Vorheriges Thema - Nächstes Thema

Berthold

Liebe Leute!

Zur "Menschenführung" beziehe ich mich auf das Dao4 De2 Jing1 des
Lao3-Zi. Damit spaße ich nicht. Anstatt der, leider, allzu bekannten Übersotz ins Deutsche von Richard Wilhelm (1873-1930) ziehe ich die ins Englische von Gu Zhengkun (2006) vor:


Chapter 17

The best ruler is vaguely known to his subjects;
Next comes the ruler loved and praised;
Next comes the ruler being feared;
Next comes the ruler disdained.
The lack of faith on the part of the ruler
Leads to the lack of the people's confindence in him.
The best ruler is leasurely and carefree,
seldom issuing orders.
When the state affairs are properly dealt with,
The people all say,
"It should have happened to us like this."


Wie falsch & übel (zeitbezogen, kryptofaschistoid) das Richard Wilhelm "übersotz", dafür als Beispiel die letzten Zeilen:
"Wie überlegt muß man sein in seinen Worten! / Die Werke sind vollbracht, die Geschäfte gehen ihren Lauf, / und die Leute denken alle: / »Wir sind frei.«" [Den Leuten ist anscheinend nur etwas vorgespolen worden.]


Das ist keine Urwiener "Oasch(sch)graülarae", aber der Kilian wird verstehen, daß ich ihn mit Lao-Zis Zeilen lobe - und warum und wie ich das mache. Er wird auch wissen, daß es hier nicht um (z.B. goldene) Lineale geht.



Übertreiber

Zitat von: Berthold in 2011-10-15, 15:38:55
Wie falsch & übel (zeitbezogen, kryptofaschistoid) das Richard Wilhelm "übersotz", dafür als Beispiel die letzten Zeilen:
"Wie überlegt muß man sein in seinen Worten! / Die Werke sind vollbracht, die Geschäfte gehen ihren Lauf, / und die Leute denken alle: / »Wir sind frei.«" [Den Leuten ist anscheinend nur etwas vorgespolen worden.]

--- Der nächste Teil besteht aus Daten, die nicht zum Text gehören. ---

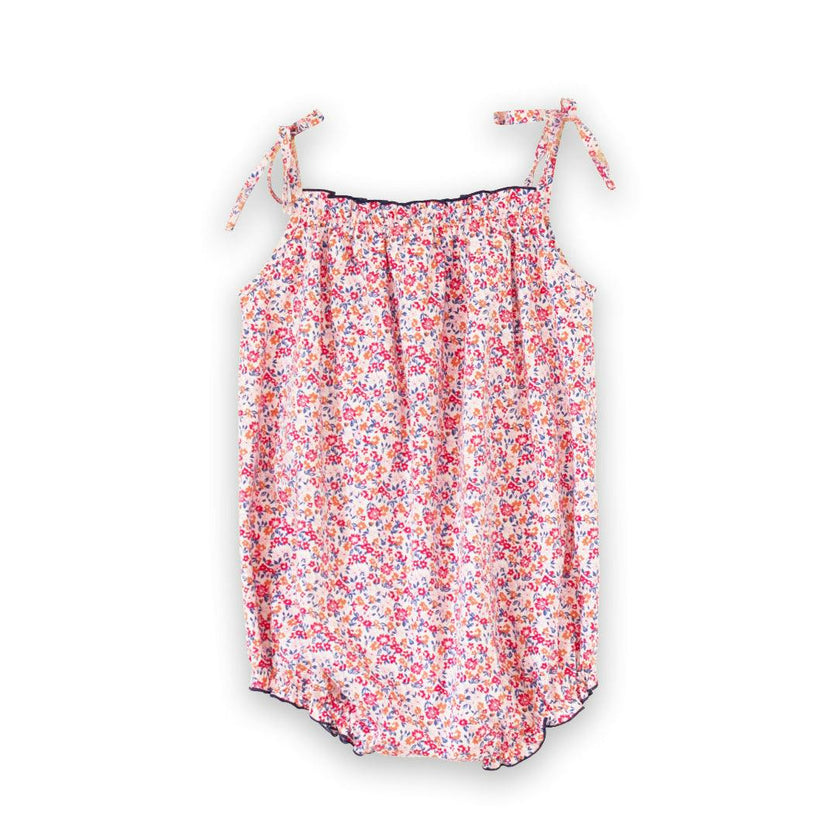 Baby Romper with Smocked Neck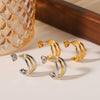 Wholesale Women's Geometric Stainless Steel Threelayer Line Electroplated Earrings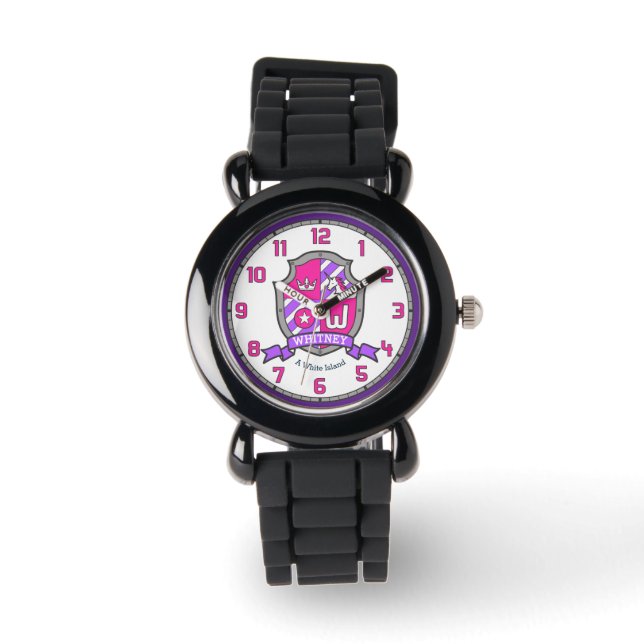 Montre Whitney girls nom signification lettre W licorne r (Recto)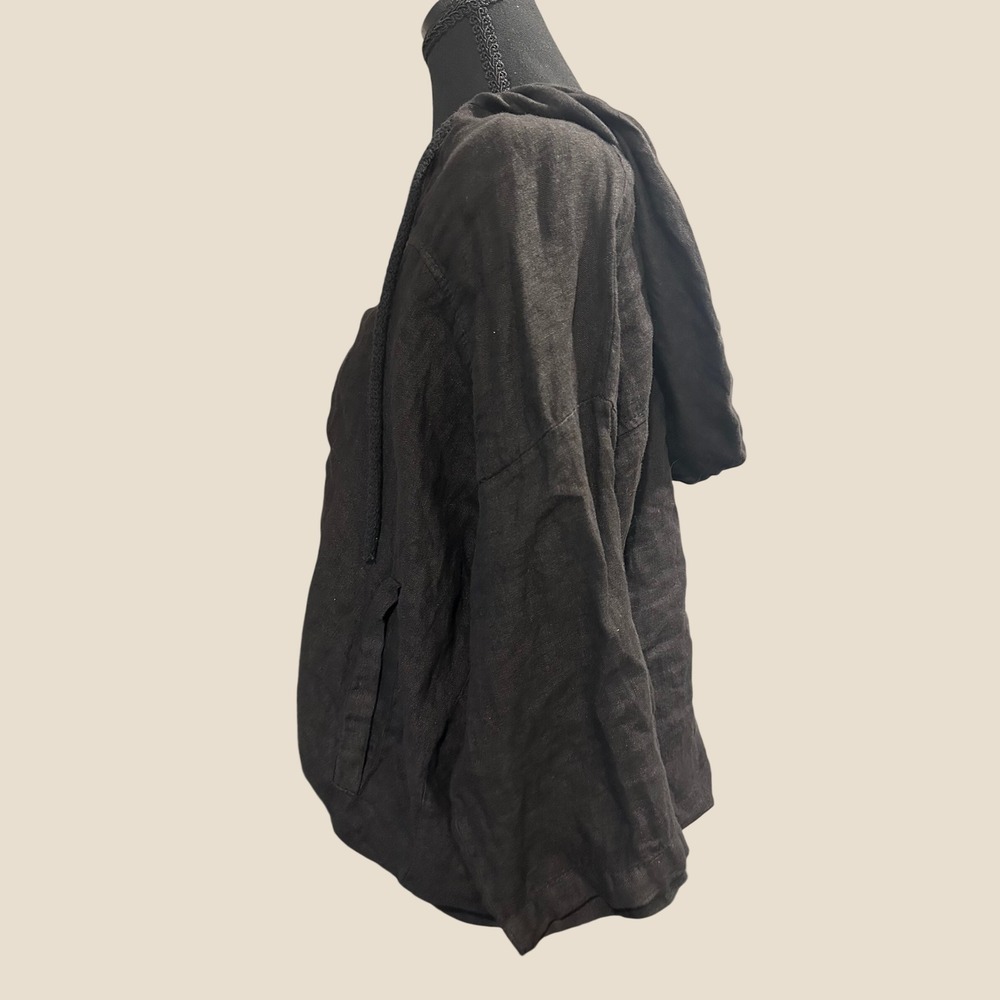 Liabella Black Linen Zip Up Hooded Jacket Boxy Relaxed Fit Three Quarter Sleeve - Picture 4 of 7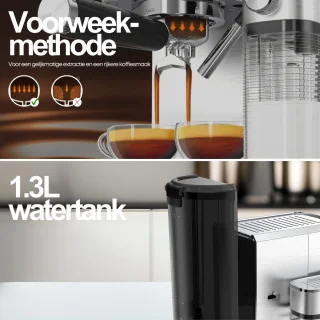 COOK-IT Espressomachine 20 Bar Pistonmachine RVS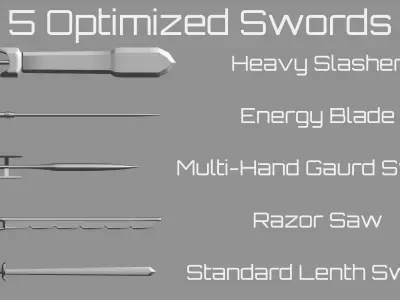 Weapons Pack 1 - Swords Blades and Dagger Free low-poly 3D model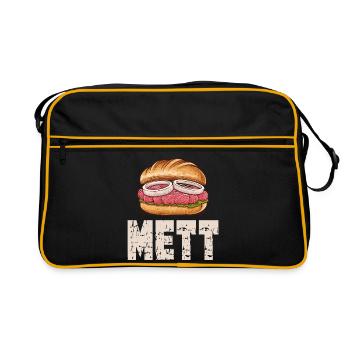  Mett Brötchen Fan METT Frühstück Snack Mettigel - Retro Tasche - Schwarz/Gold - Vorne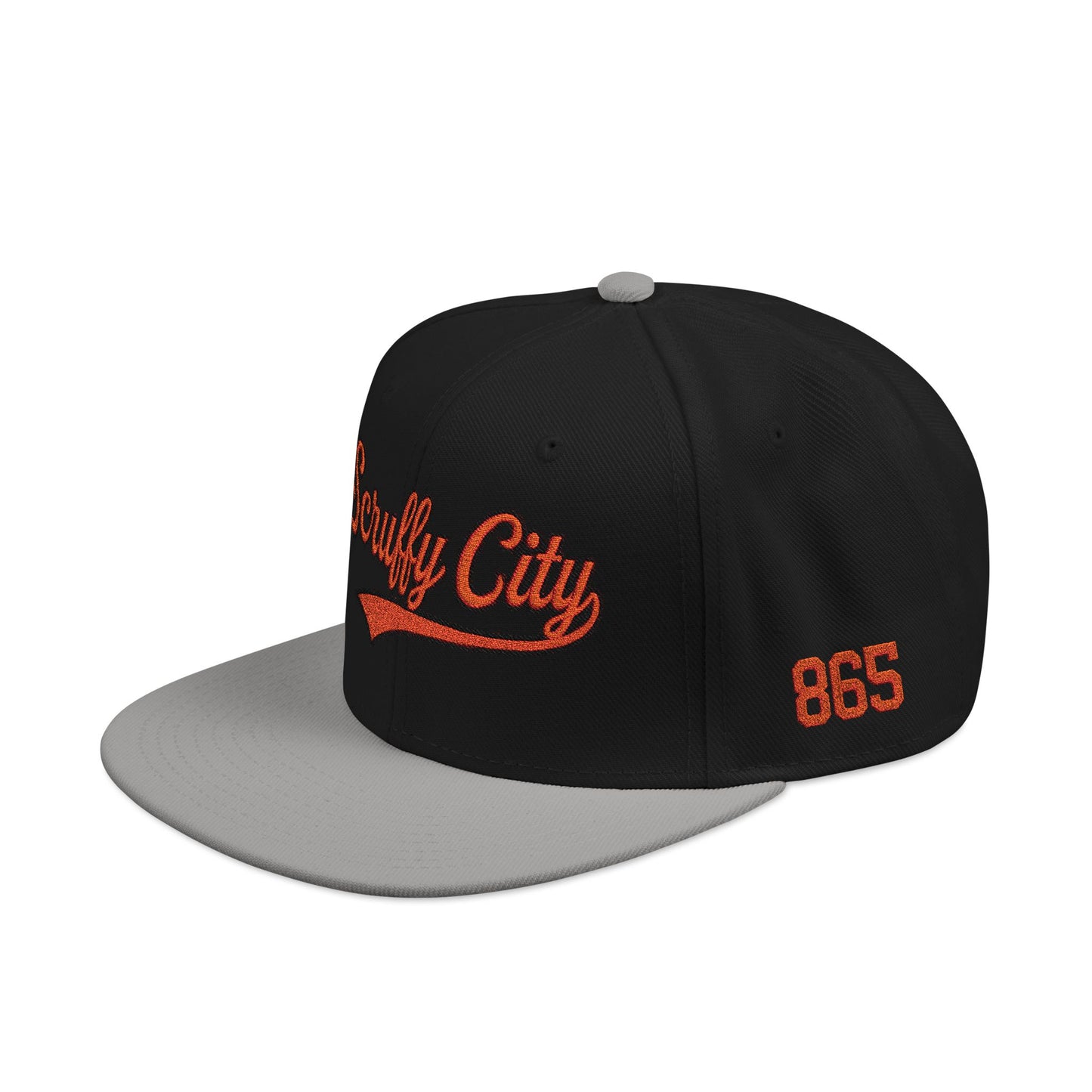 Embroidered 'Scruffy City' Orange Script with 865 Side Patch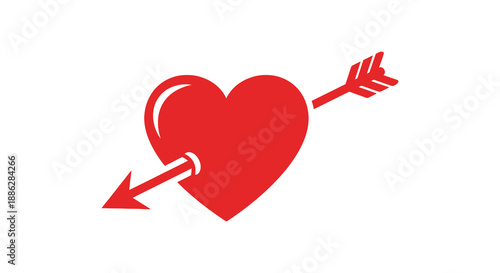A striking visual of a vibrant red heart pierced by a golden arrow symbolizes love passion and connection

Nun, so falsch und übel finde ich den Übersatz nicht einmal. In meinen Ohren & Augen drückt er nochmals aus, dass man den besten Herrscher nicht wahrnimmt. So, wie bspw. Bedienstete dann am meisten gelåben werden, wenn sie ihre Arbeit unauffällig vollbringen.

Um es auf die Spitze zu treiben: Die Aussage "It should have happened to us like this", missfällt mir da schon viel mehr, da in ihr ein latenter Fatalismus, eine Gleichgult gegenüber dem notwendig Unperfekten, mitschwingt. Ein Unfreier, der sich frei dünkt, ist mir lieber, als einder, der meint, etwas hätte eh nicht geornden werden können.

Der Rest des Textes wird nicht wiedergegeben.